After which, danlatorre added:

danlatorre @lancestrate Like Reagan, Palin's televisual "training" has paid off and remains an asset in this land of vacuous sensory overload.

And my conclusion:

Palin corrected her own image problem, but the economic situation still favors Obama

But wait! In going back over all this, I discovered that I missed a message during the debate:

danlatorre @LanceStrate Lakoff or Goffman; frames or nonverbal language; which counts more voter-wise in this VP debate event?

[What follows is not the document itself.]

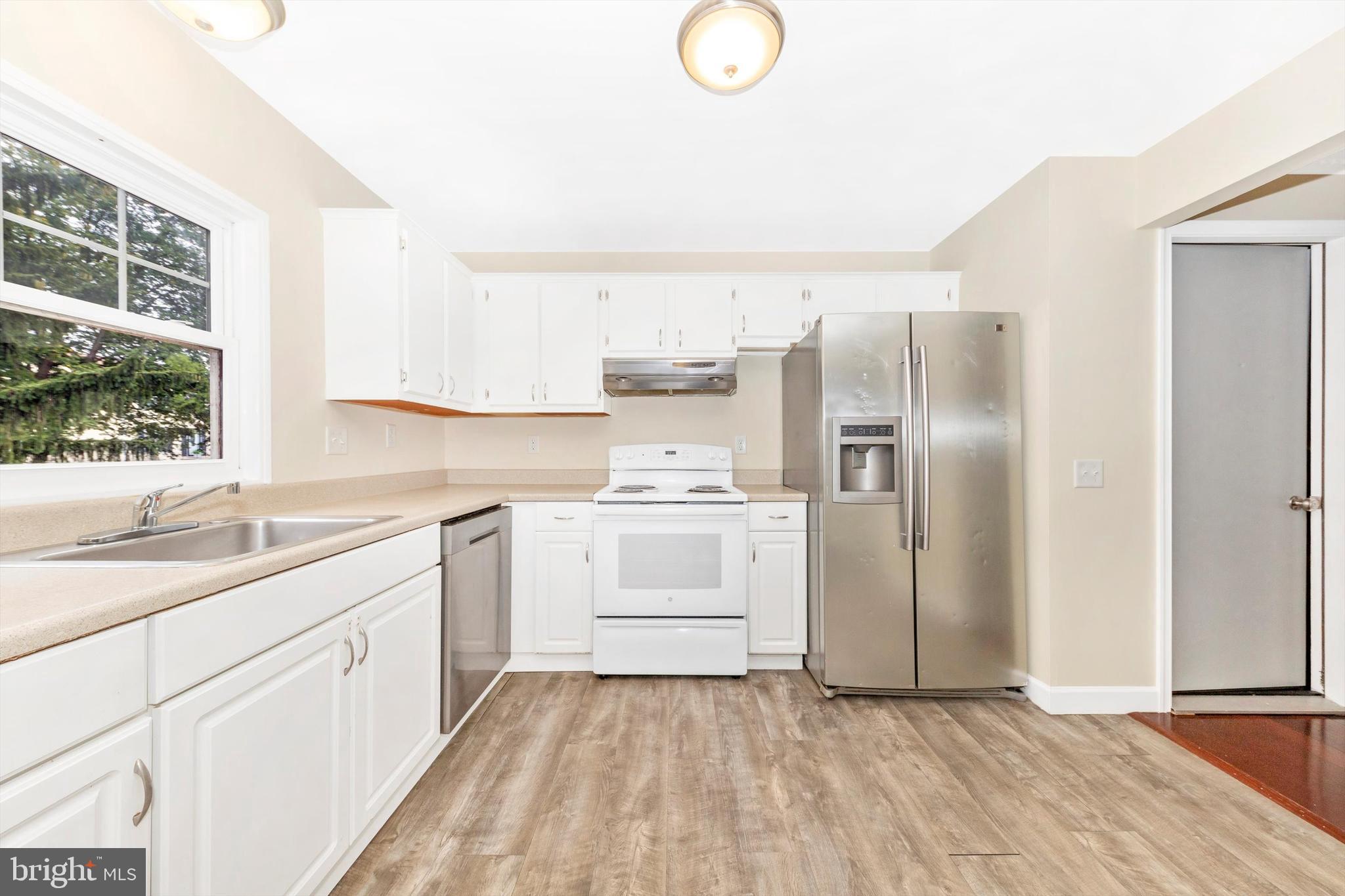 CARROLL PARK MANOR - Residential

And so, I now offered the following response:

@danlatorre Missed your earlier tweet. On television, it's Goffman that counts, as per Josh Meyrowitz's No Sense of Place.

And then:

danlatorre @LanceStrate Not familiar w/ Meyrowitz's No Sense of Place, will check out. (Still want to meet up! Work still insane; but getting staff)

Now let me go and respond to this. Just wait here for a minute...

OK, I'm back, and here's my new tweet:

@danlatorre No Sense of Place is required reading for understanding electronic media environments. Understand about work, just let me know.

Hey, why stop here. Here's a recent follow up comment from

mikeplugh Hey fathers out there....Biden's emotional moment was our liberation. We love our children and worry about them, too. It's 2008. Show it.

So I'll respond with:

LanceStrate @mikeplugh That was the most interesting moment of the debate, but I thought Biden squelched the emotion too quickly.


LanceStrate @mikeplugh But yes, a great moment for fatherhood!

Hey this is fun, and oh look, here's another nice tidbit from

mikeplugh CNN talks about Palin running in 2012. GOP pundits give her a real shot. I PRAY they run her against Obama. Please almighty God, please.

Let's see, what shall I say, hmm...

LanceStrate @mikeplugh Palin in 2012? I tell ya man, she's the next Reagan, which may mean she loses over and over again until say 2020 (my vision)

So, as you can see, you can get a full and complete account of the debate simply by monitoring Twitter alone, and of course monitoring my tweets in particular will provide you with a fair and accurate assessment, as I am only concerned with the aesthetic performance of the candidates in a "debate" that is in no real sense a debate, and will have very little if any impact on voters' decision making processes.

Or so a little birdie told me, tweet tweet!

1 comment:

Mike Plugh said...

Twitter still gets jammed up during high traffic events. I never saw half your replies until I read this blog. There's an issue of noise in the system that comes from structural factors. Twitter is no better than the telegraph if it doesn't learn to deal with many multiple messages flooding the system capacity at the same time.

That said, Palin will never be Reagan because he had the Hollywood background to hone his craft. He also had to govern a highly complex state in California, and had to master a wide range of issues in the process. I'd also argue that Reagan was a far more literate candidate than Palin, a product of the electronic age, and therefore could articulate a message in a far more coherent and well-developed manner. She can't make up for that thinking process gap because she's not cognitively organized in a way that allows that evolution.